John is a Shanghai-based linguist and entrepreneur, founder of AllSet Learning.

Comments

  1. I cannot use it, because as my web is in Spanish, doesn’t ignore the Spanish prepositions.

    For example, the biggest word I have is “de”, and after that, “el”, “en” y “que”.

    Only “China”, “chino”, “chinos” and “estrella” are remarkable.

  2. That’s just nifty… the fact that “chickens” beat out “china” for size from my main page’s content says something about my blog 😉

  3. Yeah, you’re right Chinochano. It doesn’t work for Spanish.

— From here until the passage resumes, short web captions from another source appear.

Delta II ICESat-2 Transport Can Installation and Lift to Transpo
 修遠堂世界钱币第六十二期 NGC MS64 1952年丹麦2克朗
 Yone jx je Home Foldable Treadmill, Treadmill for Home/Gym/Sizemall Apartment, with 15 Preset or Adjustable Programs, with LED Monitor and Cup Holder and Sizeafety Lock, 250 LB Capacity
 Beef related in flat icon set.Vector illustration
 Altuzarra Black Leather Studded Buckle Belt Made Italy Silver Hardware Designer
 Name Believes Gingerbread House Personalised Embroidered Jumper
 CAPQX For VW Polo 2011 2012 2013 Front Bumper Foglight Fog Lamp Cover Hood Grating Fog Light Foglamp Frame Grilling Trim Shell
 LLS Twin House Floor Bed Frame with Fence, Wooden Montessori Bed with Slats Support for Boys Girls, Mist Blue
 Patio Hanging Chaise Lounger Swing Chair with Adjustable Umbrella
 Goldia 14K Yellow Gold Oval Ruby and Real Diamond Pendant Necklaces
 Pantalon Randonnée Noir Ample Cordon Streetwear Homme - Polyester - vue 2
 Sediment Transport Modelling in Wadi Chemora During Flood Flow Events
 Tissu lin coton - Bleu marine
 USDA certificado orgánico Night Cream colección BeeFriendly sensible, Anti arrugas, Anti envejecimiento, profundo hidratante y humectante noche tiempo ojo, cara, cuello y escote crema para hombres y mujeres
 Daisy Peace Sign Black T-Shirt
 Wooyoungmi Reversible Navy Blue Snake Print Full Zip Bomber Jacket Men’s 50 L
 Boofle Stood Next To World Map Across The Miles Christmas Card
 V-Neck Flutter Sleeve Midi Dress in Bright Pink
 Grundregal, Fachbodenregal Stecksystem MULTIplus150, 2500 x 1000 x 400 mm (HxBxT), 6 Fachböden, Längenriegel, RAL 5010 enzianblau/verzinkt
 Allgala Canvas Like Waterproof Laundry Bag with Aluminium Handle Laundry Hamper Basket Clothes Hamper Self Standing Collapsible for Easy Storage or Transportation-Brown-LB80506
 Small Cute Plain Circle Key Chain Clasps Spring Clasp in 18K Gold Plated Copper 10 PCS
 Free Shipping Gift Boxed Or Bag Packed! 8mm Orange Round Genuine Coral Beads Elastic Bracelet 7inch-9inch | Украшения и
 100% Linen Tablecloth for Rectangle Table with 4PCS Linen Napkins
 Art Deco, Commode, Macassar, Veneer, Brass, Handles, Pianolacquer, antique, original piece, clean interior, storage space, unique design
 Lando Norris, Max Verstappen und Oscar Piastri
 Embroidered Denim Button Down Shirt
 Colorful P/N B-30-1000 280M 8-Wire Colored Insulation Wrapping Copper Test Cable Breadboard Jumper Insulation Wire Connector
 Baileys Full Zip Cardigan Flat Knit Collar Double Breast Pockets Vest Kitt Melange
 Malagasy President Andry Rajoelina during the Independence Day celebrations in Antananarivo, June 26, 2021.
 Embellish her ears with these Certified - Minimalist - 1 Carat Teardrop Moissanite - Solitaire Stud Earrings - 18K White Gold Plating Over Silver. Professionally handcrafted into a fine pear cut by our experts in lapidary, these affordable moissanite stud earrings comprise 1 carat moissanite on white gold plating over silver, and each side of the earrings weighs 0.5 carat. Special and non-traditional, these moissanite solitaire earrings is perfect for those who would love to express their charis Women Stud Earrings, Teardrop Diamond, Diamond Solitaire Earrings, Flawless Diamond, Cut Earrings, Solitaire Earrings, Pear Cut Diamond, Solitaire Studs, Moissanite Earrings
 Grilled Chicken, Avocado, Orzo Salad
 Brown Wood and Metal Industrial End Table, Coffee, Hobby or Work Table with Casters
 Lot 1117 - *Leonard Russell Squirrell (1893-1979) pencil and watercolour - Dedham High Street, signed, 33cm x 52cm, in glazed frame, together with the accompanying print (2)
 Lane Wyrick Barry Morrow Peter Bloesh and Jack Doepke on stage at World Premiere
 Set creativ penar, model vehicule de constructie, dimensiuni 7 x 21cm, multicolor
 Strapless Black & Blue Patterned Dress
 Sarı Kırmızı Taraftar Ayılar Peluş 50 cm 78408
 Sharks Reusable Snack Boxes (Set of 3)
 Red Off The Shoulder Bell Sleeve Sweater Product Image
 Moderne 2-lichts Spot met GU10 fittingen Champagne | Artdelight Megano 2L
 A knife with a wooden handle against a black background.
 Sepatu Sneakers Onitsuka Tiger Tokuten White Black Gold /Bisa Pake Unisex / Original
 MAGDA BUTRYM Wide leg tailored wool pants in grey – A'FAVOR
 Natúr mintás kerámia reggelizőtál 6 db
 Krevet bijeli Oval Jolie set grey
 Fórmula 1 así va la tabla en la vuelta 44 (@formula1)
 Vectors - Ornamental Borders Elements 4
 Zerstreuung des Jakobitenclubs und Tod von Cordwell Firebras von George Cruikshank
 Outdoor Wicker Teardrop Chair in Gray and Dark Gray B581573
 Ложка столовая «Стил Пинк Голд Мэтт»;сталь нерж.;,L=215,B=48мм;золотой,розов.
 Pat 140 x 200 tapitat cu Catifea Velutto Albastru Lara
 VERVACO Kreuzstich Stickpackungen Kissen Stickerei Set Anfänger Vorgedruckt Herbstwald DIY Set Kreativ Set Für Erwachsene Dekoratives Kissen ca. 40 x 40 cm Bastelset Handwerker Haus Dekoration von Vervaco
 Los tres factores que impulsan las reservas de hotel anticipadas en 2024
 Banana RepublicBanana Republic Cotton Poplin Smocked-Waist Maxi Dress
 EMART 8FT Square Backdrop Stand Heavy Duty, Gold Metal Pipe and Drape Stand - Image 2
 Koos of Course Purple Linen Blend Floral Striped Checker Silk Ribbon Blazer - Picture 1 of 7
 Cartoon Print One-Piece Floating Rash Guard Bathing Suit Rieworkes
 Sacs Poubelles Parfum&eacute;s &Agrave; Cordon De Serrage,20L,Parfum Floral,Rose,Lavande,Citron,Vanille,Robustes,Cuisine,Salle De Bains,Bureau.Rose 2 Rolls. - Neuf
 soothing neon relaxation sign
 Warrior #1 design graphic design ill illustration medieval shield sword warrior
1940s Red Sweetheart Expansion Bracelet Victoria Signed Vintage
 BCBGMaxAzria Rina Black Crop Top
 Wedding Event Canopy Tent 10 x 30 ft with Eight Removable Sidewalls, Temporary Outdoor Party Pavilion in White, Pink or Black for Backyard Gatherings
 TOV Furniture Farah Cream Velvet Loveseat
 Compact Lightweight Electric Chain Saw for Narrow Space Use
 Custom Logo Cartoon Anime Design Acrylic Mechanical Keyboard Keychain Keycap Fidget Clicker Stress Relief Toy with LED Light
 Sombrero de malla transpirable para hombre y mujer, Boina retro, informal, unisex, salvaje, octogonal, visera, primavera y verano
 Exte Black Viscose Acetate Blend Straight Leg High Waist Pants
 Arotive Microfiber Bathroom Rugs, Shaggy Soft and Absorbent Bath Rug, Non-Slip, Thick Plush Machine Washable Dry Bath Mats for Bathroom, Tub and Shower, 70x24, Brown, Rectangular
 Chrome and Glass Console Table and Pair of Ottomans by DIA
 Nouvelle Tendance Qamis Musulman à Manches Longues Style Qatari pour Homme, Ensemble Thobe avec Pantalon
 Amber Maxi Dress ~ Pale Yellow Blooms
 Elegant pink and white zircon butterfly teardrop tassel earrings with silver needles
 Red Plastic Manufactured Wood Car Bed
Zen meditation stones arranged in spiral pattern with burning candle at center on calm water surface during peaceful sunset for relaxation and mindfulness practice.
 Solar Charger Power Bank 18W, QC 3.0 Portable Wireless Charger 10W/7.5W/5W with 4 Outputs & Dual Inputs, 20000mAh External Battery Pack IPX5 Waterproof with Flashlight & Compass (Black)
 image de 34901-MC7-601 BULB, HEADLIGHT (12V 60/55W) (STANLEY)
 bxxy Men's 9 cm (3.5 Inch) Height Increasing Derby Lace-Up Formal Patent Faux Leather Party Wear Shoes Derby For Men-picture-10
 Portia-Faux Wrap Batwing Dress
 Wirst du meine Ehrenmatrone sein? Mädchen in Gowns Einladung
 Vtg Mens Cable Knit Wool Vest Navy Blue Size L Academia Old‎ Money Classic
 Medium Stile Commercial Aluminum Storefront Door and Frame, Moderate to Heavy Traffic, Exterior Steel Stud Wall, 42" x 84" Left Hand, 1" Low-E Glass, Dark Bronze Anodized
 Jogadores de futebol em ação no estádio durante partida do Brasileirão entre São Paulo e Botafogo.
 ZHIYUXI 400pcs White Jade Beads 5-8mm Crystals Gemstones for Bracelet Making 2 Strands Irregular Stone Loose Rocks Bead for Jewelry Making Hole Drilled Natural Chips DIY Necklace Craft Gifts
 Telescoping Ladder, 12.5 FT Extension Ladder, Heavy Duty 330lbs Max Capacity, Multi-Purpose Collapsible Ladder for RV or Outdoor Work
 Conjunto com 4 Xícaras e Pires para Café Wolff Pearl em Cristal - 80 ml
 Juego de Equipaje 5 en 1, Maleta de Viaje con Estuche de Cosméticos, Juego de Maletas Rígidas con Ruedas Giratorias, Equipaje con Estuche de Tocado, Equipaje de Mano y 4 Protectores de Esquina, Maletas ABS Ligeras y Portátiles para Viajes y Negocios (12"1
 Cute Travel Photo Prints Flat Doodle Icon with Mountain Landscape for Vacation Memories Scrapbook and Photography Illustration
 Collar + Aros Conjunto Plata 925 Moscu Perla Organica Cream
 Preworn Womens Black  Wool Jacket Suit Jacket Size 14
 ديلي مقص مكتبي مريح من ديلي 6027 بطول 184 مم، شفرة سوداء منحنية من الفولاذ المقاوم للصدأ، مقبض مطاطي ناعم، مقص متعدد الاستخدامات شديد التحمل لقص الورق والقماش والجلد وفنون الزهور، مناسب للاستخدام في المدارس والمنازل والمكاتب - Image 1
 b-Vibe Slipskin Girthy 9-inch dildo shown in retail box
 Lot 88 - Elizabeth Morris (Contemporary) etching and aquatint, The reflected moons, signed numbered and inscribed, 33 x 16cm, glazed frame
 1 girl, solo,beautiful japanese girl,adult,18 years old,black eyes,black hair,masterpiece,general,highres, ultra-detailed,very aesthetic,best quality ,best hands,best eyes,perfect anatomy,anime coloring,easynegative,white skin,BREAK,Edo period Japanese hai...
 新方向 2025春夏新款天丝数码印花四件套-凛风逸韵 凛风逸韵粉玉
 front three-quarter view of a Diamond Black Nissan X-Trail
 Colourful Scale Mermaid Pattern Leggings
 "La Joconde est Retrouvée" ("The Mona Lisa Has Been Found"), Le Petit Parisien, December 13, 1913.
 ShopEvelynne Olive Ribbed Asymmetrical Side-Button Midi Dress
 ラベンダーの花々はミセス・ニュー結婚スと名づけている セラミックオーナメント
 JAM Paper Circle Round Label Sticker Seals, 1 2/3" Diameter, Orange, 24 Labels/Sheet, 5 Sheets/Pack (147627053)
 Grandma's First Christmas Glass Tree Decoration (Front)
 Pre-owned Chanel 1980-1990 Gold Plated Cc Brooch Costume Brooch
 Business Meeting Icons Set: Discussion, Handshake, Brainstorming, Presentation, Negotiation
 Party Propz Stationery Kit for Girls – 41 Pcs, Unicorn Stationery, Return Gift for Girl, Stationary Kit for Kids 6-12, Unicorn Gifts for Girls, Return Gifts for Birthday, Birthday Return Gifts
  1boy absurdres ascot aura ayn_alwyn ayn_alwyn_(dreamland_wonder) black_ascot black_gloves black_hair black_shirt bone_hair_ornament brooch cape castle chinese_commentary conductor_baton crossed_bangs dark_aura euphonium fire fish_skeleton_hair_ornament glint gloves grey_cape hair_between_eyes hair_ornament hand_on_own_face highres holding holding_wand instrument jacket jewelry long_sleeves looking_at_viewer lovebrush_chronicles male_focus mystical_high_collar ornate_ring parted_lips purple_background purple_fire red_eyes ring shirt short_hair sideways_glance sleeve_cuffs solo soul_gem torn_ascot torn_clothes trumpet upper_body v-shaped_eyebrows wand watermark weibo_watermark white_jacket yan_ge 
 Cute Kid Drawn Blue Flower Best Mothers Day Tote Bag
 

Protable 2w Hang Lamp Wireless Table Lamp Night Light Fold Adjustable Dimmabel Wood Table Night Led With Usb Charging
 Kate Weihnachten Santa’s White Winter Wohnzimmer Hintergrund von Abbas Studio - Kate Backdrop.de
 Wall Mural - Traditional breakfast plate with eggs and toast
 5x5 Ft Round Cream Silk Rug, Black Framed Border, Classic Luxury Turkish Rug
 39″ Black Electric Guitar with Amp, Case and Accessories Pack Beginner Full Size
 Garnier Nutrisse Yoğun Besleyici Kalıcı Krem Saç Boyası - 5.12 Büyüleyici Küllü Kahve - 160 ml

We get a sort of Spanish Prepositions Catalogue.

    Seems useful for English language blogs, though it’s also somewhat misleading.

  4. Good point. The word “the” accounts for over 6% of all words in English media. There are several other common words missing from those tag clouds. I wonder which words it ignores…

    http://www.edict.com.hk/lexiconindex/frequencylists/words2000.htm

  5. That is so cool! Thanks for sharing it. It would be interesting to do a comparison of tag clouds for a blog’s front page over a month or so, taking snapshots once or twice a week. And leaving out the words (permalink, for instance, in my tagcloud) that are not content-related.

  6. Hey, I’m the guy that created TagCrowd and I really appreciate all the comments. Since it’s still alpha software, all these ideas go towards making it a better and more useful tool.

    Lyn is right: the software works by automatically removing the most common English words, which tend to be irrelevant parts of speech, like ‘the’, ‘and’, ‘there’, etc.

    Until now, I hadn’t even thought about translating TagCrowd to other languages. That is super-valuable feedback. I’ll need to seek out equivalent word-lists for other languages in order for it to be useful for speakers/writers in those languages. I’d love anyone’s help with that if you know of good resources.

    If anyone has any more thoughts or suggestions, feel free to send me feedback.